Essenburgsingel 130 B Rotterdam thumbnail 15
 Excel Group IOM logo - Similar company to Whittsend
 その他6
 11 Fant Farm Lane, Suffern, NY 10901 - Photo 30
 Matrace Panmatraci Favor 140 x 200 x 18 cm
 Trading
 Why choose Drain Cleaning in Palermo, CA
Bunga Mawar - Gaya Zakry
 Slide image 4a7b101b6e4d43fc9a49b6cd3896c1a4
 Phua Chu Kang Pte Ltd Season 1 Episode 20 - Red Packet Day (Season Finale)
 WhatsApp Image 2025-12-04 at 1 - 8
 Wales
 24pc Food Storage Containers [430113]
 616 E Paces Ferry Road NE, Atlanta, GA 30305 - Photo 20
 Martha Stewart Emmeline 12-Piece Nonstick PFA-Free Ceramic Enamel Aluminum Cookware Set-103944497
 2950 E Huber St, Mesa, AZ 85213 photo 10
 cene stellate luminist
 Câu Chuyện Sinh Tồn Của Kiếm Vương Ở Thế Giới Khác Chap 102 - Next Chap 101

**Required action:** The records must each be output verbatim, with nothing left out.

**Exercise output:**
Essenburgsingel 130 B Rotterdam thumbnail 15
 Excel Group IOM logo - Similar company to Whittsend
 その他6
 11 Fant Farm Lane, Suffern, NY 10901 - Photo 30
 Matrace Panmatraci Favor 140 x 200 x 18 cm
 Trading
 Why choose Drain Cleaning in Palermo, CA
Bunga Mawar - Gaya Zakry
 Slide image 4a7b101b6e4d43fc9a49b6cd3896c1a4
 Phua Chu Kang Pte Ltd Season 1 Episode 20 - Red Packet Day (Season Finale)
 WhatsApp Image 2025-12-04 at 1 - 8
 Wales
 24pc Food Storage Containers [430113]
 616 E Paces Ferry Road NE, Atlanta, GA 30305 - Photo 20
 Martha Stewart Emmeline 12-Piece Nonstick PFA-Free Ceramic Enamel Aluminum Cookware Set-103944497
 2950 E Huber St, Mesa, AZ 85213 photo 10
 cene stellate luminist
 Câu Chuyện Sinh Tồn Của Kiếm Vương Ở Thế Giới Khác Chap 102 - Next Chap 101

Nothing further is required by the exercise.